Each open exposure carries a status word built from its severity, the same three-word vocabulary used across every part of Compliance: critical shows as Breaching, informational shows as Drift. A middle tier, Exposed, exists in that shared vocabulary for audits and regulations, but none of today's three exposure checks currently produce it.

What a click does

Clicking the tile opens the Exposures tab of the Compliance card slider, the same slider you would reach by clicking an exposure tile in the Most recent row further down the page. That tab lists every open exposure as a row: its title (for example "Missing workers comp" or an EMR value with the commercial-gate note), a subtitle naming who requires the coverage when that applies, and its status word on the right.

Click any row to open that exposure's own detail view: a hero with Severity, Current (what is on file today), Required (what closes the gap), and Required by, followed by a full Exposure Overview with the Kind, Description, and a specific Remediation step Verinode recommends, such as contacting your broker to bind a policy or requesting a loss run to start an EMR pull-down plan. If that exposure has produced a linked entry in your decision workspace, it shows there too, alongside its dollar cost of inaction when one has been calculated. See the decision workspace for how those linked decisions work.

Exposure rows never carry a due-date badge the way audit or regulation rows can, an exposure does not have a scheduled date, it either exists right now or it does not.

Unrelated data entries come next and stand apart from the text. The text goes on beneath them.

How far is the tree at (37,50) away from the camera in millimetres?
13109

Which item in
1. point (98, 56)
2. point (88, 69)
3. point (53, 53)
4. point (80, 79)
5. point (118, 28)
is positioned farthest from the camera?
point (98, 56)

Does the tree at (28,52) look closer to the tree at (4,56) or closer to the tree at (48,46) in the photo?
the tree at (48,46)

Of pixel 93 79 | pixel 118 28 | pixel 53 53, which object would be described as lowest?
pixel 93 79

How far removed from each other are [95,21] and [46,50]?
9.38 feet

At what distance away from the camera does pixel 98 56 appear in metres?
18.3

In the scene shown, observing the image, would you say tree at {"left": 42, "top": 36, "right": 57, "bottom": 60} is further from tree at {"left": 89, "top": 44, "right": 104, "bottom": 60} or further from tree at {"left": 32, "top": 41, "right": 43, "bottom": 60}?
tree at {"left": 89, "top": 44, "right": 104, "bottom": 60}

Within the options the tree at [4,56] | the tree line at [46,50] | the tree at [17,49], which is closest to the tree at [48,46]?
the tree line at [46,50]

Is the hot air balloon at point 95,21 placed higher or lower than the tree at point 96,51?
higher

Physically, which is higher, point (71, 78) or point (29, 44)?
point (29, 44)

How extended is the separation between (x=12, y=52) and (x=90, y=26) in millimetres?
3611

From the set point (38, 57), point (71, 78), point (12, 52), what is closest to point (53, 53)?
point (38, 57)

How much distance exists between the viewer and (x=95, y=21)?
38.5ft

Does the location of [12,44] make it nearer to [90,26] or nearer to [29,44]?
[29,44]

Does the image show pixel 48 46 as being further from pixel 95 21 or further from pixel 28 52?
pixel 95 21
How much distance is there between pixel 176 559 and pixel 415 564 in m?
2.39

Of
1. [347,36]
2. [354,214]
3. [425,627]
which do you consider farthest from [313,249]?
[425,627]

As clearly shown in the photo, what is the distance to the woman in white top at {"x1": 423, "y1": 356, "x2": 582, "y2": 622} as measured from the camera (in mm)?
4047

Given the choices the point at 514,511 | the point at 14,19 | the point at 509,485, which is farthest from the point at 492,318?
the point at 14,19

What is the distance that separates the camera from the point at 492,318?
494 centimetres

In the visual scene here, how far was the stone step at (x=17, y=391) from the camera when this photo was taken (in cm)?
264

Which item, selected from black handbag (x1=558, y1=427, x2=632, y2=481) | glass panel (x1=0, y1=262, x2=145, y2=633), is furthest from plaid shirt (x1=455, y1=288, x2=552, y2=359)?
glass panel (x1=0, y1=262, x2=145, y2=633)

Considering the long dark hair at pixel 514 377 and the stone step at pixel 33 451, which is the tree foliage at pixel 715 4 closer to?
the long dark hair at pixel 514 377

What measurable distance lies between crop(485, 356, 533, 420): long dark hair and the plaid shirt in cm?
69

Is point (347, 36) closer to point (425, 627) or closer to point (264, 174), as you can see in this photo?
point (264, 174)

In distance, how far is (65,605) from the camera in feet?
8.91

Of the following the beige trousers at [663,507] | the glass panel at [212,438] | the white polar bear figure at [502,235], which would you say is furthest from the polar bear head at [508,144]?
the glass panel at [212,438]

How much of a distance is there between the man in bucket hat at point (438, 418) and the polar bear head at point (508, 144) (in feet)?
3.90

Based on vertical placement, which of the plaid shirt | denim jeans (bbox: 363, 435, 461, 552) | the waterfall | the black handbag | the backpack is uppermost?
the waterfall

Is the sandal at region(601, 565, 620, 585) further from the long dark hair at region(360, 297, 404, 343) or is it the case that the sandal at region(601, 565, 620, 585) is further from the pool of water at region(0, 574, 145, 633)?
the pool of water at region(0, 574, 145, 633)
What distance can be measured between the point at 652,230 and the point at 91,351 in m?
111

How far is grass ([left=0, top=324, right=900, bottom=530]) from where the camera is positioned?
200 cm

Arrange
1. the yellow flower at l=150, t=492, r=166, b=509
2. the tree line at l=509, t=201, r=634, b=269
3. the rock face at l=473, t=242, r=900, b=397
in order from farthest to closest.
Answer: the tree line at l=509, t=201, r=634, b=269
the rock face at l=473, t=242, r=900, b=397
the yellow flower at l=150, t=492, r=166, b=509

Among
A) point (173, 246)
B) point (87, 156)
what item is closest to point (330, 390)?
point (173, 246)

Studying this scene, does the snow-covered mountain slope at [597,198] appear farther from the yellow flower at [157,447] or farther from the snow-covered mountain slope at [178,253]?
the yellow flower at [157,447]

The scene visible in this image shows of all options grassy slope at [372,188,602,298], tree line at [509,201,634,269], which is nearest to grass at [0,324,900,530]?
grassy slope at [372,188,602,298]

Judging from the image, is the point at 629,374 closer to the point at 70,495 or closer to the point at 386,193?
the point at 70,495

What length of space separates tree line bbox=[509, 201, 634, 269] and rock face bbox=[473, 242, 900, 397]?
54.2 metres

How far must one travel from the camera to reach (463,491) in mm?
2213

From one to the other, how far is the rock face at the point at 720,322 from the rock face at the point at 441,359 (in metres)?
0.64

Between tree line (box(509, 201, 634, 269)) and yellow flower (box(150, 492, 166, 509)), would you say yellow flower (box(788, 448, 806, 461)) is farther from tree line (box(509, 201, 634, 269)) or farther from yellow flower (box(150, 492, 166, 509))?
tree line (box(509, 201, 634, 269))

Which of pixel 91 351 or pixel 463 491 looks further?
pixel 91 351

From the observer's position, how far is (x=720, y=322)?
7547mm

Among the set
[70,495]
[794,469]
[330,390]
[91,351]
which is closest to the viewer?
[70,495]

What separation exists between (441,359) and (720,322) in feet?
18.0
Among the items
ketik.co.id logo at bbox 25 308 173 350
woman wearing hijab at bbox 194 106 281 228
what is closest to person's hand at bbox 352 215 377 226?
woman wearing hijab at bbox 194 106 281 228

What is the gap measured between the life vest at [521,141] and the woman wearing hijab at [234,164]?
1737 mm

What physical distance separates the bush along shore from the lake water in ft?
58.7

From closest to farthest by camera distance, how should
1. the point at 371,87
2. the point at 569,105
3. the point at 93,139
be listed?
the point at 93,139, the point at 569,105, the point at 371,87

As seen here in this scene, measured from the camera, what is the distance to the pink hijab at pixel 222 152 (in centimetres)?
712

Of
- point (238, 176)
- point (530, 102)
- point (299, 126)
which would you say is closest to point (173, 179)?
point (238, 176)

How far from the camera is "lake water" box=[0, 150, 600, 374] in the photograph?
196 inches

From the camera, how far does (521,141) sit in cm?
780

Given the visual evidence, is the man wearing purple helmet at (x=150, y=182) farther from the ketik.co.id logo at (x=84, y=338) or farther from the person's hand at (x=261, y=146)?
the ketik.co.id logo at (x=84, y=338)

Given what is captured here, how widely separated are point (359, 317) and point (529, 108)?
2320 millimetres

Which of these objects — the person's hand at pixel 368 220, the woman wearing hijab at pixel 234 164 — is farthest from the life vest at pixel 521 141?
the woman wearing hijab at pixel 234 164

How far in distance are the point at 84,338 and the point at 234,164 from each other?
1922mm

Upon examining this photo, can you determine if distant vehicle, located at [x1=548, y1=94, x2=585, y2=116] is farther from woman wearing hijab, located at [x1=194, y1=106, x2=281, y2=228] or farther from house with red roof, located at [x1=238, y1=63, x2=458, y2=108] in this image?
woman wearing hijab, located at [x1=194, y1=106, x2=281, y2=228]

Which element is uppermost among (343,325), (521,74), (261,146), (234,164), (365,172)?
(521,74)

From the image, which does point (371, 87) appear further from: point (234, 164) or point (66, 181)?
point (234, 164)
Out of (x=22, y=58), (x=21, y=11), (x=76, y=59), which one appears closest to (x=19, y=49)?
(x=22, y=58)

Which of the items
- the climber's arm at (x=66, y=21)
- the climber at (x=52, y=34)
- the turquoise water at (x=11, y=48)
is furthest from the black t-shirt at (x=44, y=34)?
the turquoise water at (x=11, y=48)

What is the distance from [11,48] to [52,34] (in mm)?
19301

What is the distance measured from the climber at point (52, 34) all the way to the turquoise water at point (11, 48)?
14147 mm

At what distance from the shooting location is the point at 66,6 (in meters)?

Where else this count shows up

The same critical-exposure count drives the Critical Open stat next to the Shield Score in the Compliance hero panel at the top of the page, so you do not have to scroll to the Explore row to know whether something needs action today. When that count is above zero, the hero's summary line also calls out how many critical exposures are open. Individual exposures can additionally surface as their own tiles in the Most recent row, labeled "Exposure," when they rank among your newest or most severe compliance records.

Empty states

  • Tile, zero open exposures: value "0," sub-line "All covered," green accent, no dot-grid preview drawn.
  • Exposures tab, nothing to list: "No exposures detected, coverage matches active program requirements." That is a literal read of your current state, not a placeholder: your policies on file satisfy every requirement Verinode currently knows about for the programs you belong to and the service lines you run.

How to use it

  1. 1Glance at the tile's color before anything else. Copper means something is breaching right now and needs a look today; amber means gaps are open but none are critical yet; green means nothing is flagged.
  2. 2If the sub-line reads "N breaching," click the tile and work those rows first, the underlying gap means active program work is running without coverage the program requires.
  3. 3Open a Breaching row, read Current against Required, and follow the Remediation step, it names the concrete next action rather than leaving you to guess.
  4. 4If the tile is green but you have not yet uploaded your certificates of insurance or confirmed your program memberships, treat that as unverified rather than clean, and forward your current COIs so Verinode has something to check.

Tip

The fastest way to close most exposures is the same move that raises the fewest new ones: keep a current declarations page or COI on file for every active policy. See forwarding documents and connecting your data for the ways insurance paperwork flows into Verinode.

Data sources

Data sources

  1. 1.Your insurance policies (type, carrier, coverage limit, EMR, expiration, status). Your business.
  2. 2.Your active carrier-program memberships. Your business.
  3. 3.Your service mix on file. Your business.